Tipo: Plagas de los Arboles
Nombre Común: Procesionaria del Pino
Nombre Científico: Thaumetopoea pityocampa Schiff.
Descripción: Se conoce como procesionaria del pino a la oruga de una especie de mariposa nocturna, (Thaumetopoea pityocampa Schiff.) denominada vulgarmente así porque se desplaza en grupo –es muy gregaria- formando las características colas o procesiones, especialmente cuando se entierra.
Se trata de un insecto defoliador –es decir, se alimenta de hojas – que ataca el pino blanco (Pinus halepensis Mill.), y que puede afectarlo de manera grave si los ataques son muy intensos y repetidos o si los árboles están debilitados. Así y todo el árbol no se muere.
Esta especie es típicamente mediterránia aunque hace relativamente poco tiempo que la encontramos en las Islas Baleares. Fué introducida en Mallorca en el año 1942 por Joaquín Ximénez de Embún, enterrada en forma de crisálida en el cepellón de unas plantas para ajardinar, procedentes de la Península y que se dispersó por toda la superfície de la isla.

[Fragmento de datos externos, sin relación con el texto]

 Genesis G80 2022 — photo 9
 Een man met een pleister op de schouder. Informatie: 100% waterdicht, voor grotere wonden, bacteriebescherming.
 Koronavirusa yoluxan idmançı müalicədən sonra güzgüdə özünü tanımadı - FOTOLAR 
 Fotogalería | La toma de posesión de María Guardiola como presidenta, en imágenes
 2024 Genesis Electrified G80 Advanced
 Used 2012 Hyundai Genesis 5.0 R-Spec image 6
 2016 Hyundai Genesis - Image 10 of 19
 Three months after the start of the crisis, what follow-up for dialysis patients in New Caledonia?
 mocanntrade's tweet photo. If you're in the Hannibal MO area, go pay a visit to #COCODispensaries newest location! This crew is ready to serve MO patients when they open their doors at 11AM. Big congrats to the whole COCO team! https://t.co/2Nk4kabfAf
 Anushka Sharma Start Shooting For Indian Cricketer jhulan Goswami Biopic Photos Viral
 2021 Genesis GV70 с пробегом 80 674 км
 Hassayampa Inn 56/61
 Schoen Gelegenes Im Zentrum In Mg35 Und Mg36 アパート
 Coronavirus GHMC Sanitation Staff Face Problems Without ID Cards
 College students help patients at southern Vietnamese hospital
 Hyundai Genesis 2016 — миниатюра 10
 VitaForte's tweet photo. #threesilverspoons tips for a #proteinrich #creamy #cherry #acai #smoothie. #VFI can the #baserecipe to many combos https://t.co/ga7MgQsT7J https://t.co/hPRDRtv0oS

Biología: La procesionaria del pino es un insecto lepidóptero nocturno que tiene la forma de oruga en la fase larvaria y que de adulto es una mariposa nocturna que tiene alas y puede volar.
El ciclo biológico de la procesionaria se divide en 4 fases bien diferenciadas: huevo, oruga (larva), crisalida (pupa) e imago (adulto o mariposa). Pasa la mayor parte del ciclo vital en la forma de oruga, que es cuando causa o puede llegar a causar daños importantes a las plantas que ataca y afecciones alérgicas a las personas.
Sintomas: Las orugas de esta especie son muy voraces y se alimentan de las acículas del pino. Los daños son más graves a medida que la oruga llega a los últimos estadios de desarrollo (otoño e invierno). Atacan a los cedros y a todas las especies de pino, tanto a las autóctonas como a las introducidas.
En el caso particular de las Islas Baleares, el pino blanco es casi la única especie que está presente de forma autóctona y se puede considerar incluido en el grupo I. Por lo tanto, es muy susceptible de ser atacado por el insecto.
Las defoliaciones no llegan a matar el árbol, salvo que sean muy intensas y repetidas, pero lo pueden debilitar y provocar una disminución del crecimiento anual que puede ser sobre todo grave en el caso de los repoblados, puesto que pueden tardar más tiempo a constituirse masas adultas e incluso, pueden llegar a degradarse.
El hecho de que se debilite el árbol es una razón, junto con otras de tipo climático y edáfico que pueden favorecer la entrada de otros insectos, como por ejemplo los perforadores.
El hecho de tener los pelos urticantes (para las personas) hace que las operaciones de eliminación de los bolsones, se hayan de efectuar con mucho cuidado. Los casos de ataques muy severos pueden llegar a dificultar el paso por el bosque e interaccionar con los trabajos de control. Este efecto es todavía más grave en los casos de las áreas recreativas.